Menurut dia, orangtua diharapkan bisa memberikan teladan yang bagus kepada anaknya misalnya seperti tidak KKN, ucapannya bisa dipegang, hormat kepada otoritas, tidak memaki-maki di ruang pubik, ustaz berceramah tidak memaki-maki dan tidak meuyebar ujaran kebencian.
“Kritis boleh tapi elegan dan santun. Jadi kita krisis contoh yang baik dari yang atas-atas, krisis role model. Nah institusi kerluarga dan sekolah menghadapi tantangan tidak mudah. Di tengah iklim sosial kita yang seperti ini elite politik bahkan tidak mecontohkan pendikan nilai-nilai itu,” tutur Ketua Program Doktor Fakultas Psikologi UI ini.
Untuk itu, dia berharap kepada pemerintah untuk serius menbenahi sumber daya manusia (SDM) dan program revolusi mental itu secara nasional. Tidak hanya itu, program dari Badan Pembinaan Ideologi Pancasila (BPIP) juga harus ikut memasifkan gerakan pendikan nilai-nilai.

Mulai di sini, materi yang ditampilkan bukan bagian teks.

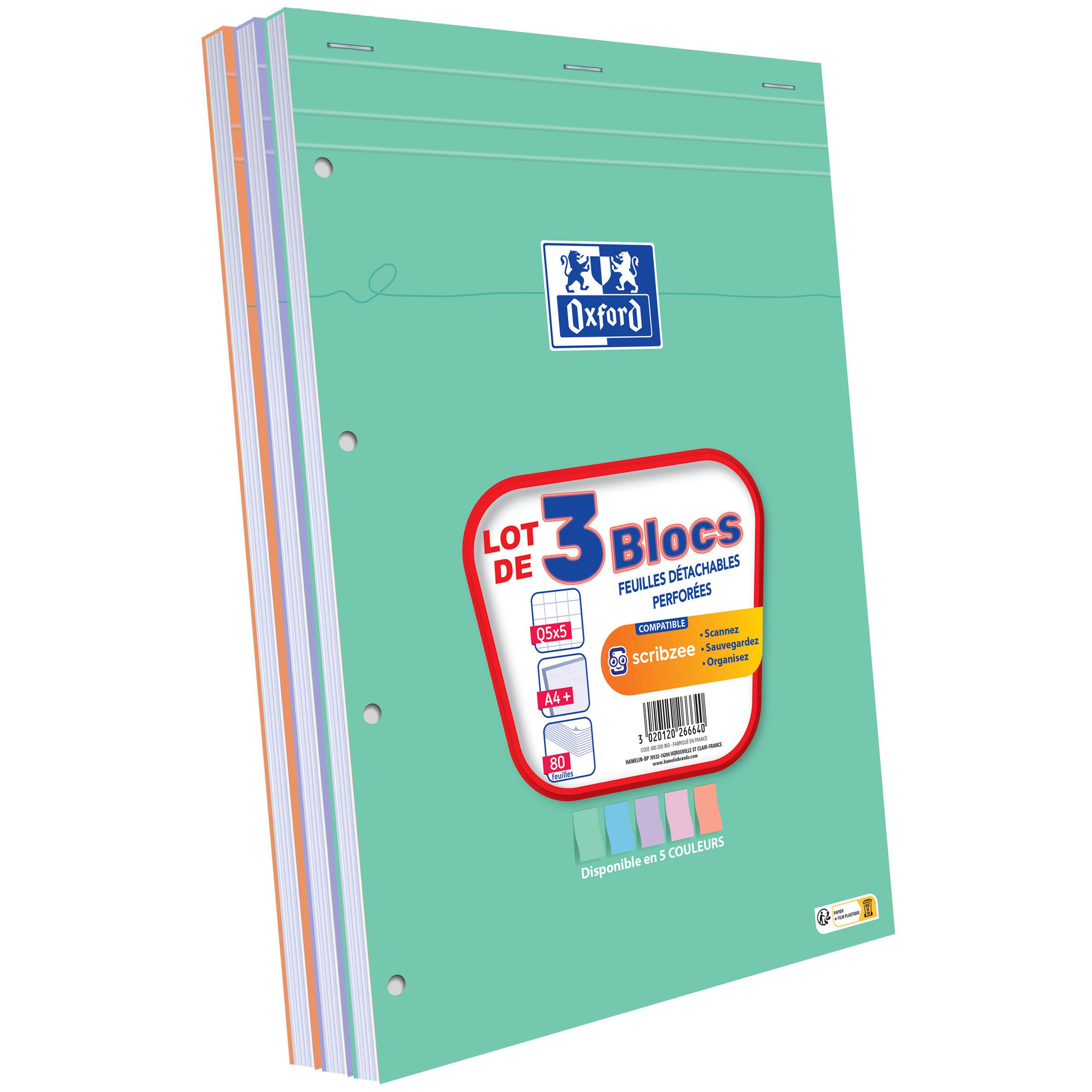 HAMELIN Lot de 3 blocs feuilles détachables perforées petits carreaux 5x5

“Sekolah harus dibenahi, guru-guru jangan hanya sibuk khawatir dengan nilai pendidikan akademis semata. Guru harus mengajar dengan hati, kurukulum dirombak, tingkat dasar pendidikan nilai dan karakter lebih dominan dibanding pendidikan skolastik, Sekolah harus menggairahkan bagi siswa belajar banyak hal, life skill dan nilai-nilai itu,” tuturnya.
Untuk itu, dia mengajak seluruh komponen ikut membangun bangsa yang beradab dari bangku sekolah. Dia memberikan gambaran agar pendidikan agama perlu keluar dari pola yang dogmatis.
Menurut dia, pendidiikan agama harus mencerahkan anak-anak untuk menghargai kehidupan yang lebih demoktaris, toleran, hormat menghormati, rahmatan lil alamin. Bukan malah dikasih doktrin kaku halal atau haram, kafir, sesat dan sebagainya yang sangat doktrin kaku.
“Ini supaya anak anak tidak tumbuh menjadi anak dengan fanatisme agama yang ekstrem, karena ini yang menjadi bibit bibit radikal teroris di masa depan. Guru-guru agama juga perlu ditatar ulang agar dapat mengajarkan kepada muridnya nilai-nilai agama yang santun dan menghargai antarsesama umat,” tutur Muluk.
Dia berharap dalam menghadapi era milenial sekarang ini, pendidikan karakter harus ditanamkan dalam bentuk aktivitas konkret seperti olahraga, kesenian, aktivitas kemanusiaan, program-program kreatif.
“Jangan pakai pola indoktrinasi, kita harus kreatif mengemas pesan sesuai keinginan anak anak milenial,” katanya.